Legenda terkenal dihubungkan dengan Epos La Galigo, serangkaian naskah yang mengisahkan awal kerajaan Luwu, salah satu negeri di ujung utara Teluk Bone.  Konon ceritanya, salah seorang putra mahkota kerajaan yang bernama Sawerigading jatuh cinta pada adik kembarnya, We Tenriabeng.  Karena percintaan yang demikian dianggap melanggar adat dan susila maka Sawerigading diminta meninggalkan Luwu dan berlayar ke Cina, di mana tinggal seorang putri kerajaan yang separas dengan adik kembarnya itu. 

Sebuah perahu besar, Waka Welenreng dibangun untuknya dan setelah menjalani berbagai petualangan, Sawerigading akhirnya berhasil meminang putri yang bernama We Cuddai itu.  Akan tetapi, ketika ingin berlayar pulang ke Luwu, perahu Sawerigading tenggelam terpecah-belah di Selat Selayar dan pecah-pecahan yang terdampar di pesisir Lemo-Lemo, Bira dan Ara kemudian dikumpulkan oleh masyarakat setempat untuk disusun kembali menjadi perahu pertama yang dibangun di daerah itu.

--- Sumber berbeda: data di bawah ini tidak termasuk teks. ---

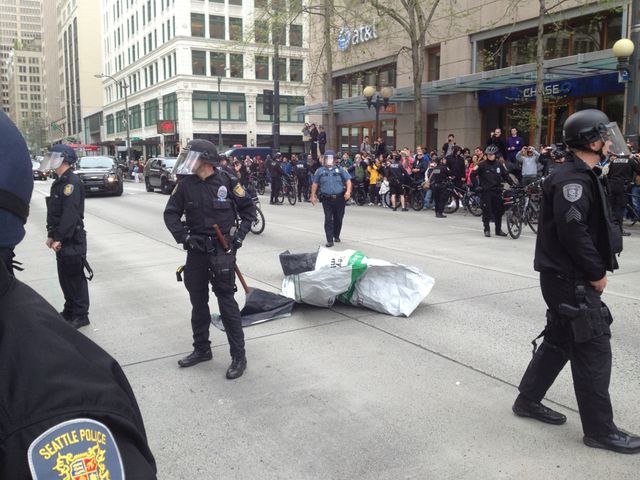 Arrested banner - https://imc.li/lavf9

Versi lainnya, menurut orang Lemo-Lemo, lunas dan gading-gading lambung hanyut ke pantai di depan kampung, sehingga merekalah yang mendapatkan rumus pembuatan perahu. Sedangkan menurut orang Ara, papan-papannya yang terdampar di pantai mereka pasangkan ulang sehingga menjadi pedoman bagi perahu-perahu buatan mereka. Sedangkan Tiang perahu terdampar di Bira, sehingga orang Bira belajar berlayar dan menjadi pelaut ulung. 

JENIS JENIS KAPAL PINISI

Jenis kapal dapat digolongkan dengan tiga cara: ada istilah yang menandai layarnya, ada yang menggambarkan bentuk lambung dan ada yang berasal dari cara dan tujuan pemakaiannya.

Perahu Nusantara dibangun dengan menyusun sebagian lambungnya dari papan yang disambing dengan pengikat atau pasak sebelum memasang kerangkanya (gading-gading). Berbeda dengan kebanyakan kapal layar historis yang buritannya segi empat, perahu Nusantara ini buritannya berbentuk lancip.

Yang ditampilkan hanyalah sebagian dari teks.